Et il détacha immédiatement un aide de camp. Lorsque la belle comédienne, car c’était bien elle, sur l’avis que l’empereur désirait lui parler, se trouva tout émue en présence de Napoléon, il la prit par la main et la fit asseoir au milieu de sa suite, en s’excusant de ne l’avoir pas reconnue plus tôt.

Si Frédérik Lemaître, garçon de quinze ans, perdu dans la foule, a vu cela, a entendu de la grille du Carrousel au pavillon de l’Horloge, la remarque de l’empereur, il avait de bons yeux et de faneuses oreilles ; Napoléon lui-même y voyait bien. Je souhaitai que l’anecdote soit vraie ; elle complète une affinité bizarre qui exista toujours entre Napoléon 1er et les comédiens. On sait combien il aimait à se mirer dans Talma24 ; ce fut la seule personne qu’il consentit à recevoir, quand il partait pour son éternel exil, voulant sans doute lui laisser la vision du Thémistocle prêt à aller s’asseoir au foyer britannique25.

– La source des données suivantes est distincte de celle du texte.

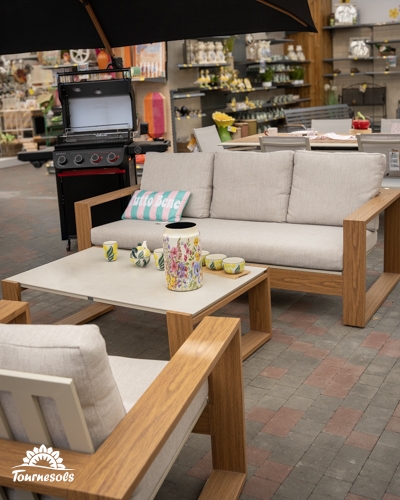 Ensemble de salon de jardin en bois clair et coussins beiges exposé dans un magasin avec un barbecue.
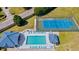 Aerial view of the community pool, tennis court and shuffle board in this charming community at 4609 Lightkeepers Way # 11J, Little River, SC 29566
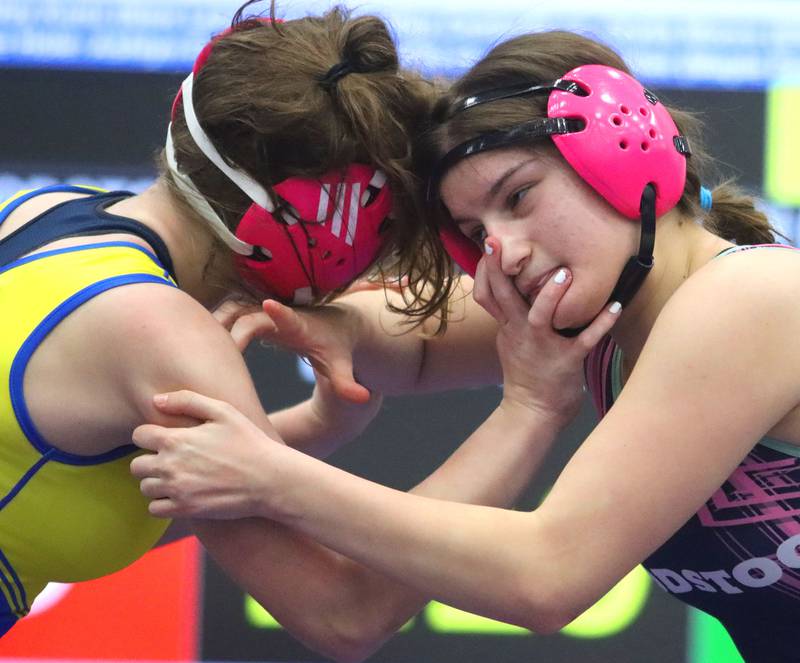Woodstock’s Ava Kok, right, battles Wheaton North’s Isabelle Harty at 140 pounds in Whip-Pur Women’s Classic varsity girls wrestling on Saturday, Dec. 20, 2025, at Hampshire High School in Hampshire.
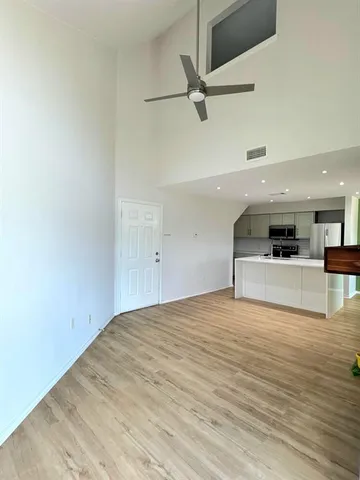 a view of a livingroom with a kitchen counter tops and a wooden floor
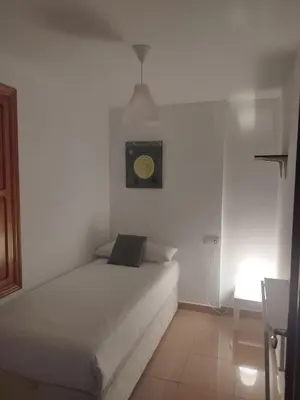 Cama o camas de una habitación en RINCÓN MURALLA DE LA MACARENA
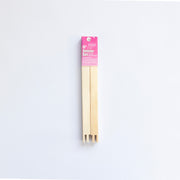 Pack of stretcher bars with pink label on a white background
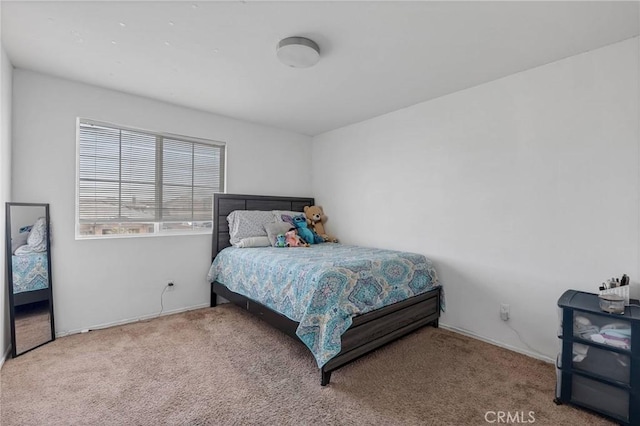 bedroom featuring carpet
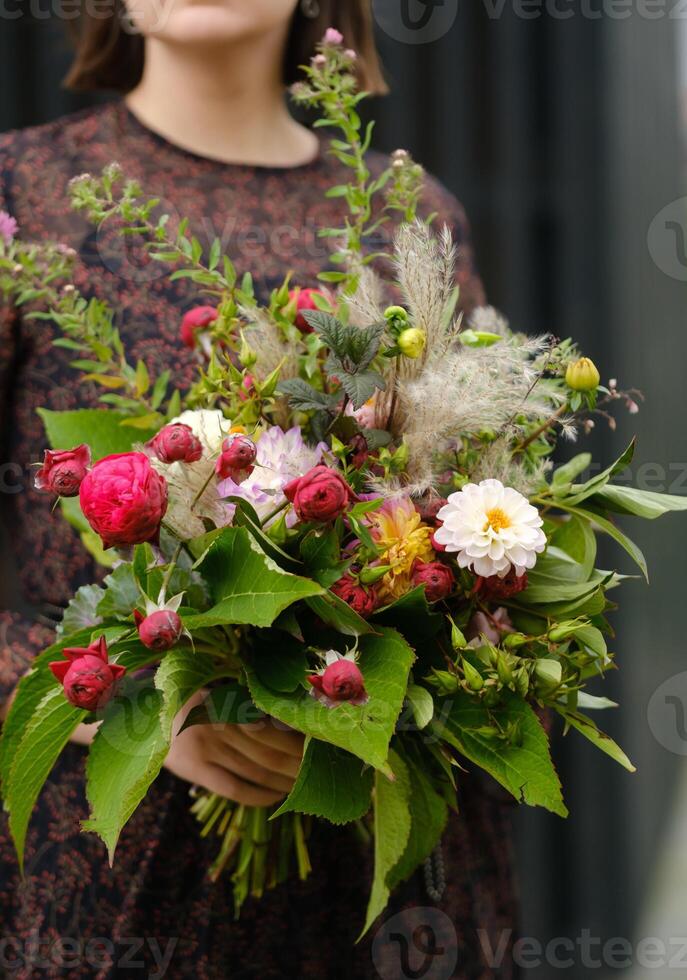 A large bouquet of mixed flowers in the hands of a woman. The work of a florist in a flower shop photo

Un journal, en donnant ces jours-ci la primeur de ces souvenirs, en a extrait un passage qu’il met en opposition avec les mémoires, si intéressants, si vrais, si simples de Mme de Rémusat26, et paraît croire que Frédérik Lemaître, parce qu’il a joué le rôle de Napoléon dans le drame d’Alexandre Dumas27, en sait plus sur le personnage en question que les personnes mêlées quotidiennement à la vie de l’empereur des comédiens.

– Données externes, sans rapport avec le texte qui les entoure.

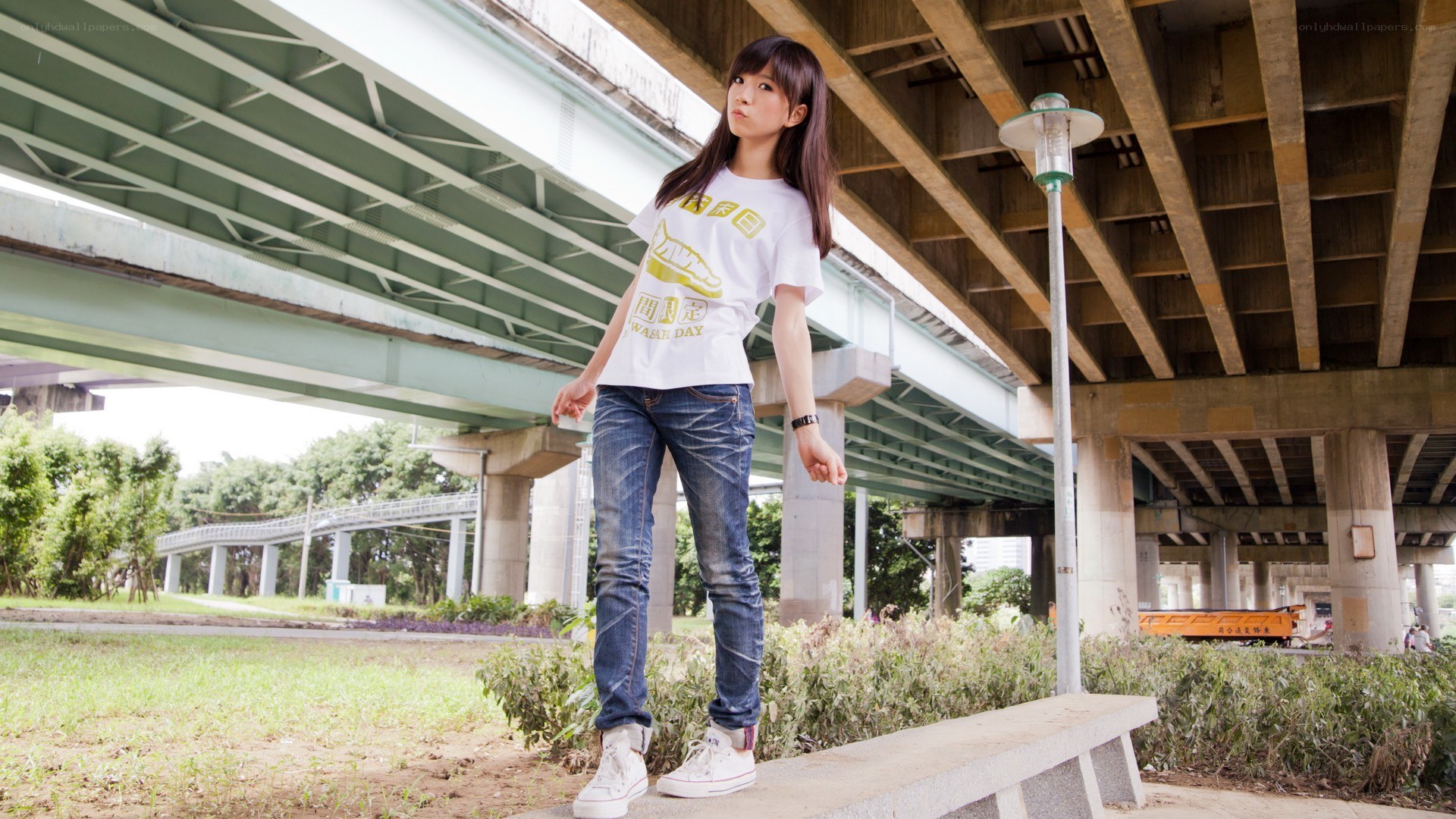 woman standing under a bridge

Il paraît que pour mieux entrer dans la « peau de Napoléon » (comme on dit en argot de théâtre), Frédérick alla voir le duc de Bassano28 et lui demanda des renseignements. Les Souvenirs reproduisent la conversation entre l’ancien serviteur de Napoléon et le comédien.

M. de Bassano prit la peine d’expliquer que Napoléon avait du génie ; que le génie ne se copie pas, mais qu’après tout, il y avait une certaine analogie entre la nature de Napoléon et celle de Frédérick et qu’ils pouvaient se ressembler.

Ce compliment était fait avant que Frédérick eût créé Robert Macaire. Après, M. de Bassano eût-il trouvé l’analogie aussi frappante ? Il ne faut pas oublier que Talma avait aussi, dit-on, la prétention de ressembler à Napoléon. Il est bien évident que Frédérick Lemaître, qui fut le Talma du drame, ne pouvait rien céder sur ce chapitre à son devancier.

Quand Déjazet29 joua Bonaparte à Brienne30, elle ne s’inquiéta guère de chercher des compagnons de jeunesse de l’écolier pour savoir si elle lui ressemblait. Mais Déjazet n’était que Frétillon31.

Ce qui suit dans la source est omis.